# New "Safe" plastics



## cowboyhermit (Nov 10, 2012)

I think I told everyone I know that this was going to happen, so predictable.
All those products labeled BPA free, what does that mean? Many were simply switched to BPS, and lo and behold these are now being shown to have similar negative side effects. I am sure they are coming out with some new "safe" alternatives right now.
I never use plastic if there is a practical alternative available and am usually much more happy with the other material anyways.

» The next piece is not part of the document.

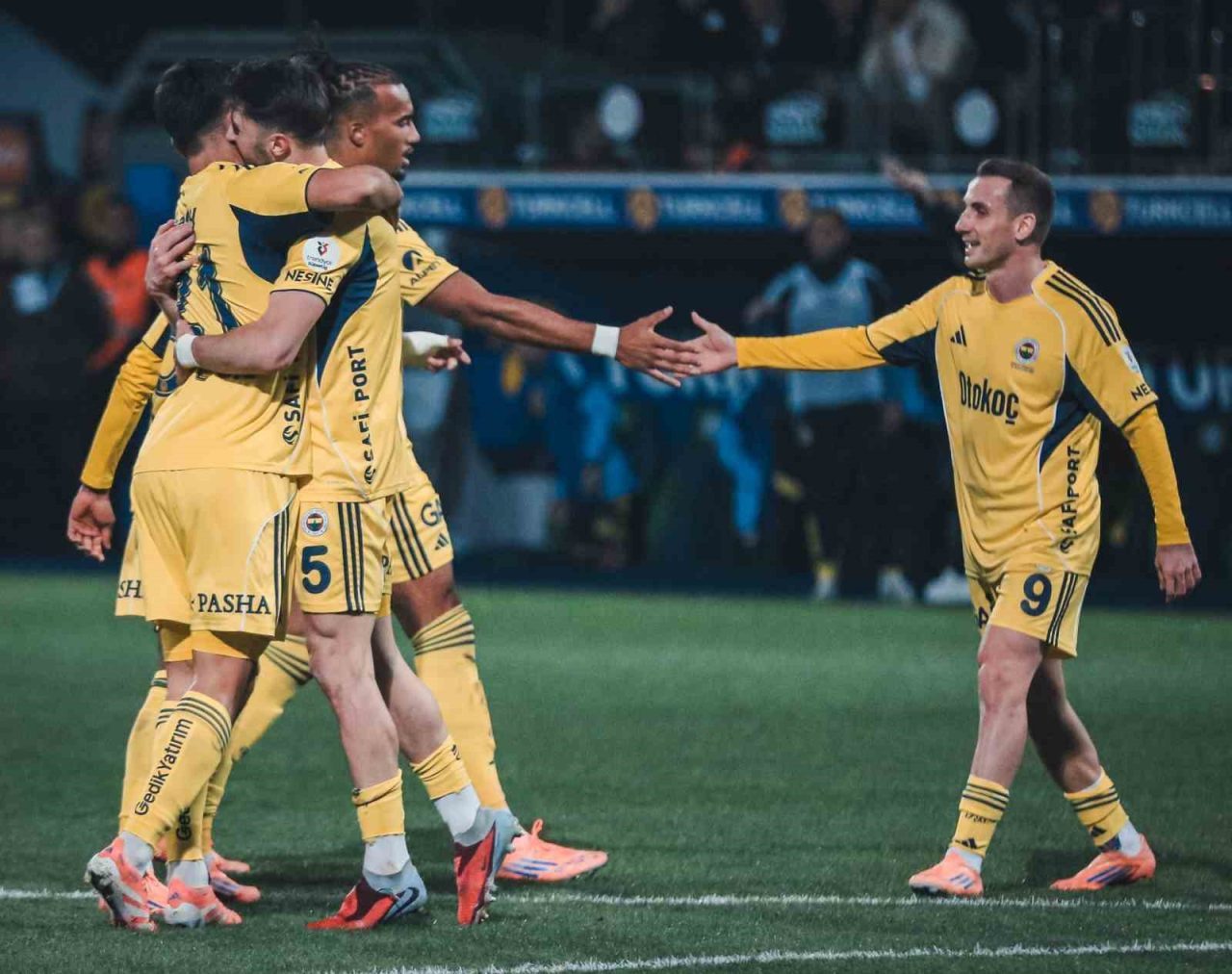 Fenerbahçe, Trendyol Süper Lig’de konuk olduğu Çaykur Rizespor’u mağlup ederken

Glass, ceramic, cast iron, enamel, stainless steel are all much better imo.
http://www.sciencedaily.com/releases/2013/01/130122191412.htm


----------



## Turtle (Dec 10, 2009)

It should surprise exactly no one that natural materiels are almost always a better option.


----------



## tsrwivey (Dec 31, 2010)

Plastic is fine for certain things but not for cooking or reheating. Once it starts etching, it needs to go in the trash. Hand washing them is best.


----------



## cowboyhermit (Nov 10, 2012)

Basically these chemical have been found in everyone, it is only the quantities that we can control. I am most concerned about children and the cumulative effects. The thing is how many people actually enjoy drinking from a plastic cup, I know I don't.


----------



## jsriley5 (Sep 22, 2012)

I can stand plastic cups for everything but milk I want my milk from glass for some reasin


----------



## cowboyhermit (Nov 10, 2012)

I prefer my milk from the jug 
For me it is our mead, just doesn't taste the same if not in a nice glass, of course the bottle works fine too.


----------